PROBLEM TO SOLVE: Would you transcribe only the lines from the one holding "Colored powder explosion" through the end of the material, exactly, without any pictures?

THE DATA:
......

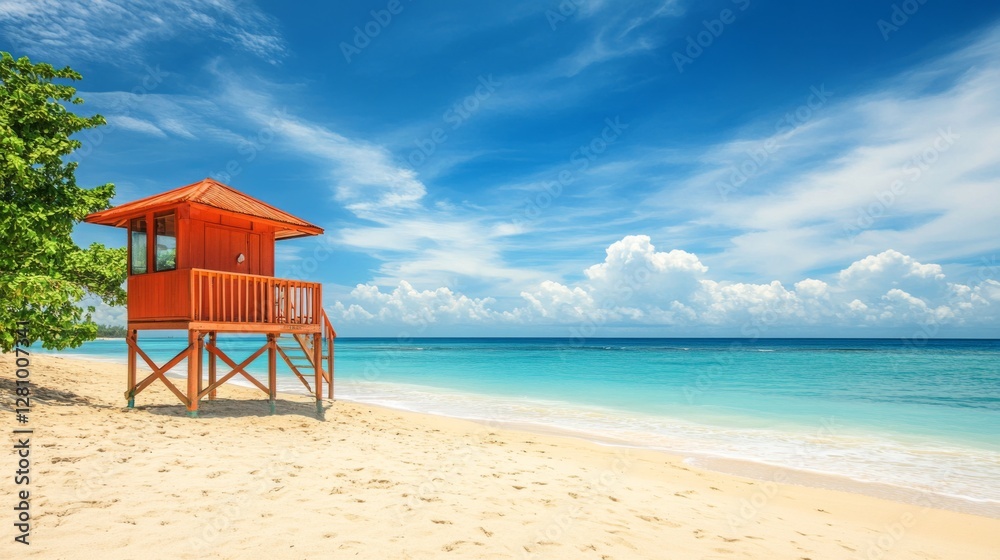 Red lifeguard hut on tropical beach with clear blue sky and ocean view Red lifeguard hut on tropical beach with clear blue sky and ocean view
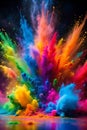 Colored powder explosion on dark backdrop Royalty Free Stock Photo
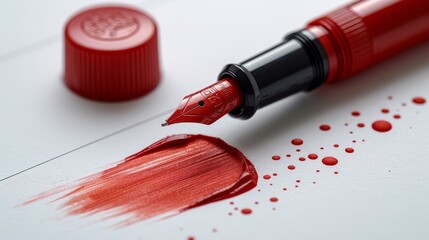 The close-up of an open-cap felt-tip pen in red - obrazy, fototapety, plakaty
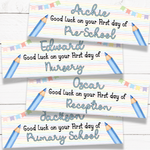 BACK TO SCHOOL RAINBOW STRIPE BLUE BANNERS | UV PRINTED PVC | 77CM X 25CM - Eliza Henri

......

RESULT FOR THIS TASK:
 Colored powder explosion on dark backdrop Royalty Free Stock Photo
 The close-up of an open-cap felt-tip pen in red - obrazy, fototapety, plakaty
 BACK TO SCHOOL RAINBOW STRIPE BLUE BANNERS | UV PRINTED PVC | 77CM X 25CM - Eliza Henri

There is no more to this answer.